Beollán : Scripteur / humain / 19 ans / pronom il

Beollán

Scritoria était une déesse exigeante. Beollán l'avait compris dès ses premiers jours en tant que scripteur au scriptorium de Midyr. C'est pourquoi il recommençait pour la quatrième fois sa traduction d'un vieil ouvrage sur l'économie de la région en l'an cinq cent vingt de la première ère.

Entendre la pointe de sa plume glisser sur le papier était une des choses qui l'empêchait de s'énerver, et qui lui faisait apprécier le fait d'écrire et de transcrire et de traduire à longueur de journée. Il soignait ses lettrines et terminait d'enluminer sa première page lorsqu'il fut interrompu.

— Bonjour, mon frère.

Frère Aslan venait d'entrer dans la pièce et se dirigeait vers l'étagère des parchemins vierges. Beollán le salua en retour sans quitter des yeux son travail. Les relations avec ses adelphes ressemblaient à cela : ils se saluaient cordialement et la discussion s'arrêtait là. Ça ne les empêchait pas de développer une profonde affection les uns pour les autres, et ils s'entraidaient tous entre scripteurs lorsqu'un adelphe en avait besoin. Frère Aslan était déjà reparti et Beollán était de nouveau seul dans la petite pièce. Normalement, les scripteurs sont supposés travailler ensemble dans l'aula du scriptorium, mais Beollán avait toujours préféré travailler seul. Il lui avait fallu de bons arguments pour convaincre Scritoria de le laisser s'isoler ainsi. Mais en constatant qu'il était effectivement plus efficace, elle l'avait laissé s'installer où il le voulait.

Il appréciait le calme de cette petite pièce qu'était la réserve. Il n'y avait pas autant d'allées et venues qu'on pourrait le croire : en général, tous les scripteurs prenaient suffisamment de matériel avant de commencer à travailler et il était rare que ses adelphes, comme Frère Aslan, y retournent pour chercher ce qui leur manquait.

Toutes les pièces du scriptorium étaient gigantesques, ouvertes sur les autres, avec des plafonds immensément hauts, la réserve était minuscule à côté, assez étroite, et c'est probablement ce qui faisait de cet endroit un lieu rassurant pour Beollán. Il sourit de contentement en y pensant et retourna à sa transcription.

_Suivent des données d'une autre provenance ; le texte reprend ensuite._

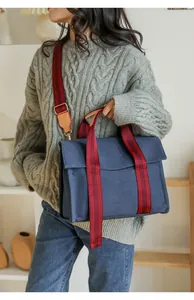 Close-up of blue canvas tote featuring red striped handles and yellow leather trim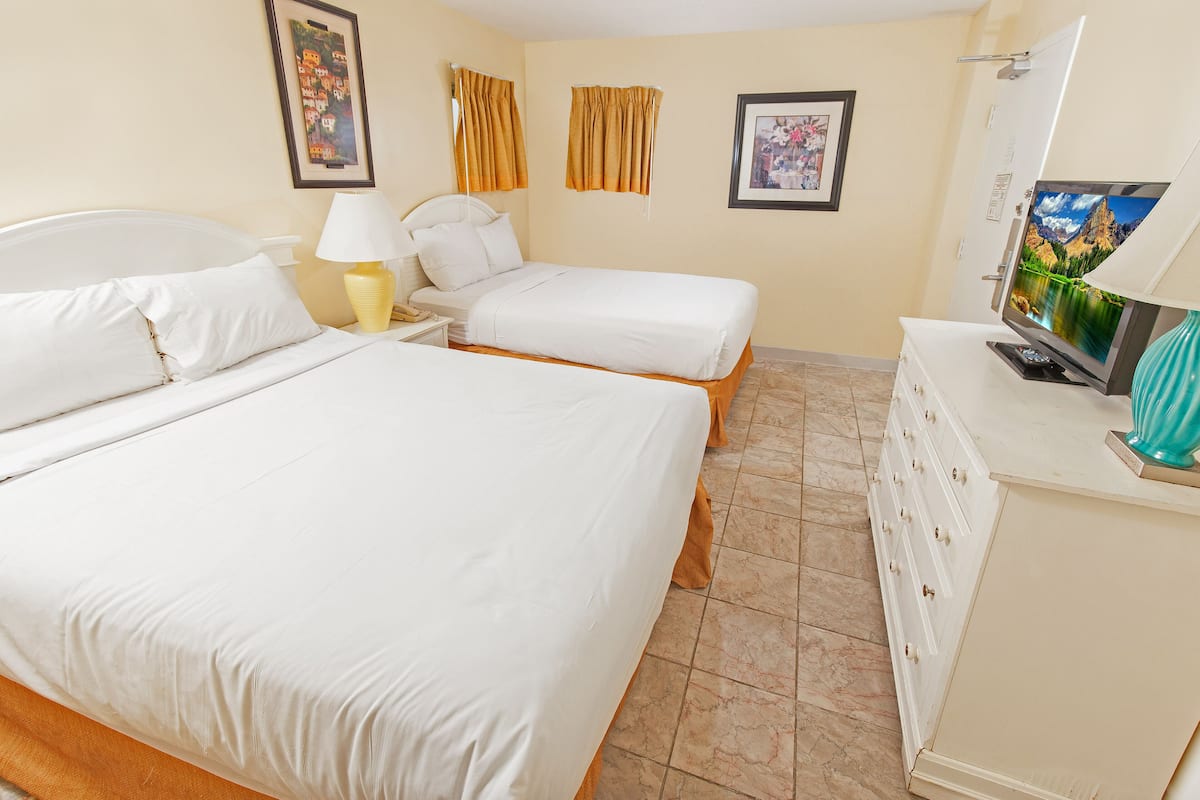 Quarto de hotel com duas camas, televisão, cómoda e abajur.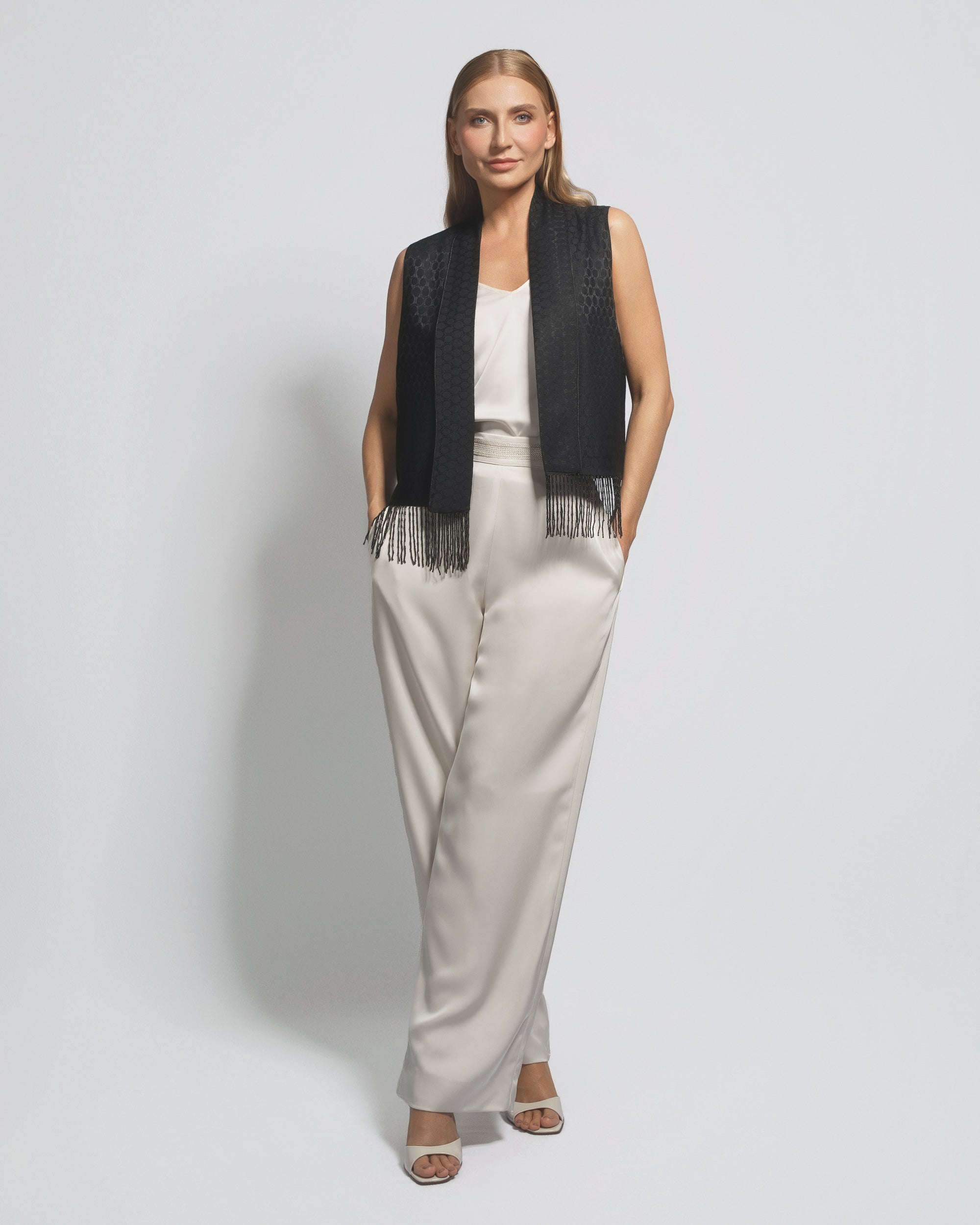 Woman wearing a black vest with fringe and white pants on a light gray background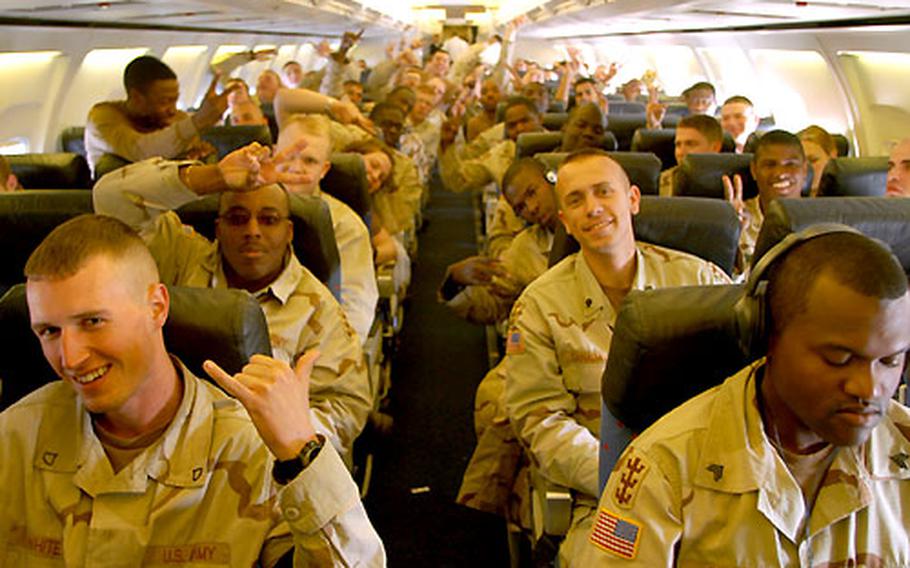 Soldiers from the 94th Engineer Battalion pose during their flight from Kuwait to Germany. Some of the troops are among the first to complete a full 365-day tour in Southwest Asia.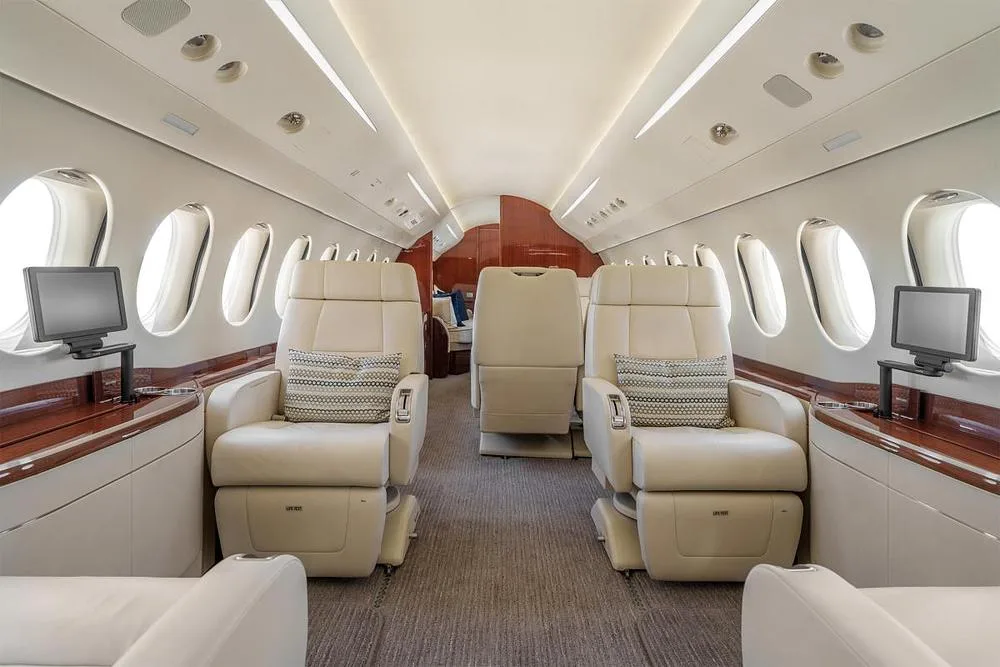 The luxurious cabin interior of a business jet, featuring cream leather seats, wood paneling, and individual entertainment screens.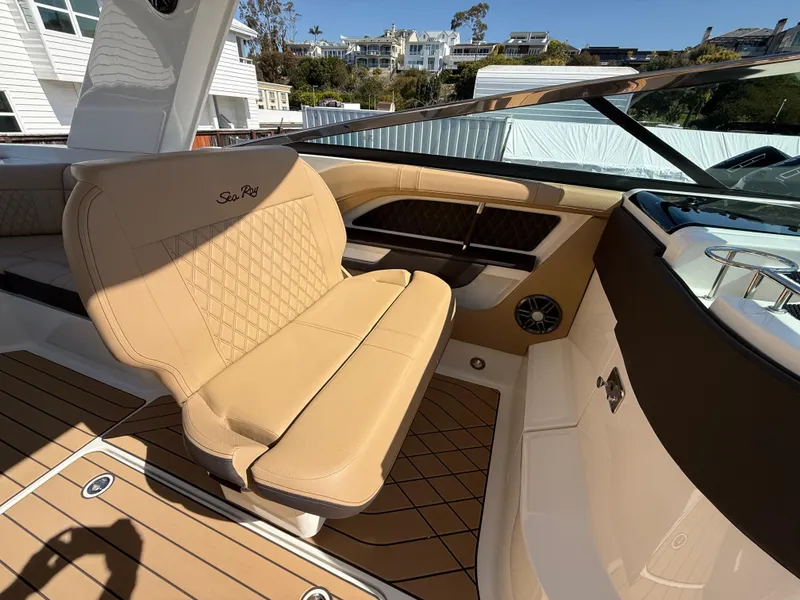 Slide: The Image of 2025 Sea Ray SLX 310 OB boat interior with tan leather seating and wood flooring. - 14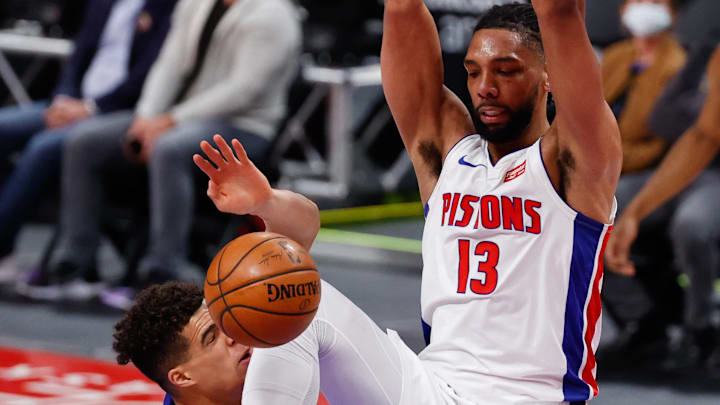 Former Detroit Pistons center Jahlil Okafor (13) dunks on Denver Nuggets forward Michael Porter Jr. (1) in the first half at Little Caesars Arena. Mandatory Credit: Rick Osentoski-Imagn Images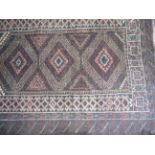 An Afghan Baluchi Tribal Rug on brown ground, 52" x 34".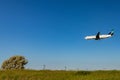 WestJet passenger jet just above the fields near Pearson International Airport, Toronto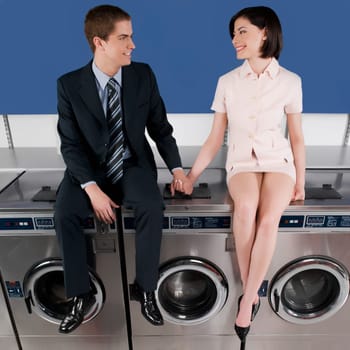Couple holding hands and sitting on washing machines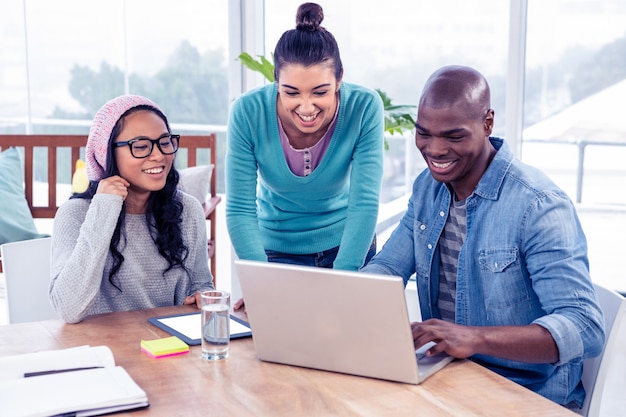 Pessoas de negócios feliz olhando para laptop no escritório criativo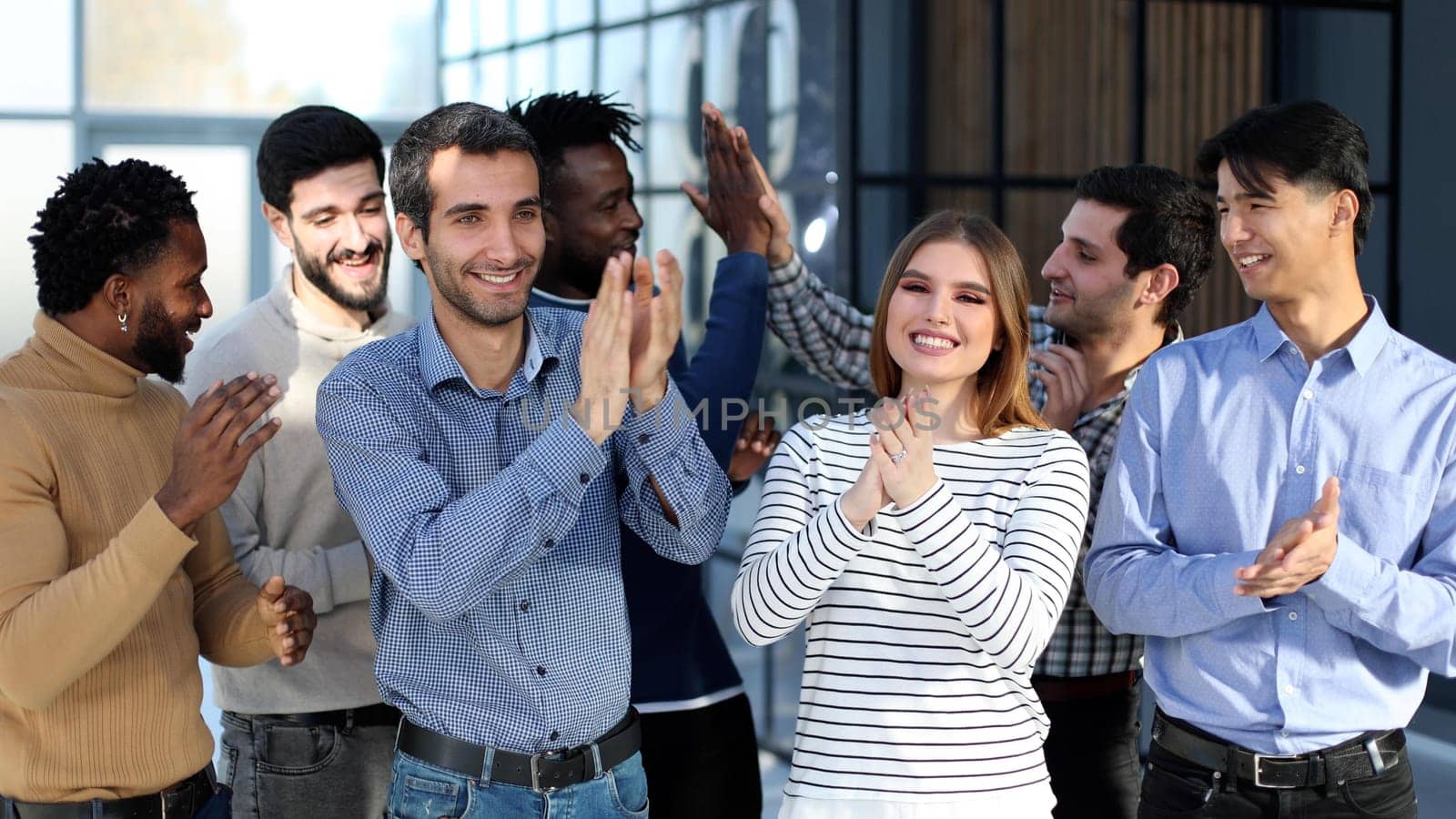 happy excited millennial employees shouting for joy, raising hands for emotional high fives.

Au début, il fut si concentré sur ce qu'il faisait qu'il n'entendit pas les premiers tintements de la cloche. Puis la chaleur de la pièce monta rapidement et des cris étouffés lui parvinrent. Une fumée noire et brûlante emplit rapidement la réserve et Beollán ne sut pas quoi faire. Il prit le livre original sous son bras et accourut dans l'aula : les flammes la dévoraient. Il fut pétrifié en voyant Frère Aslan, Sœur Vivienne, et d'autres de ses adelphes dont les corps brûlés empêchaient de les reconnaître. Il eut envie de hurler mais aucun son ne sortit d'entre ses lèvres closes. Il n'arrivait pas à croire que c'était la réalité, qu'il y a quelques minutes à peine Frère Aslan le saluait avec sa bienveillance habituelle. Les murs du scriptorium étaient en pierre mais les poutres du plafond et quelques piliers étaient en bois. Des cendres noires et fumantes en tombaient et le bois était traversé de veines flamboyantes et brûlantes. Les flammes et la fumée l'empêchaient de savoir si amas noirs dans l'aula étaient simplement des tas de cendre ou ce qui restait du corps de ses adelphes.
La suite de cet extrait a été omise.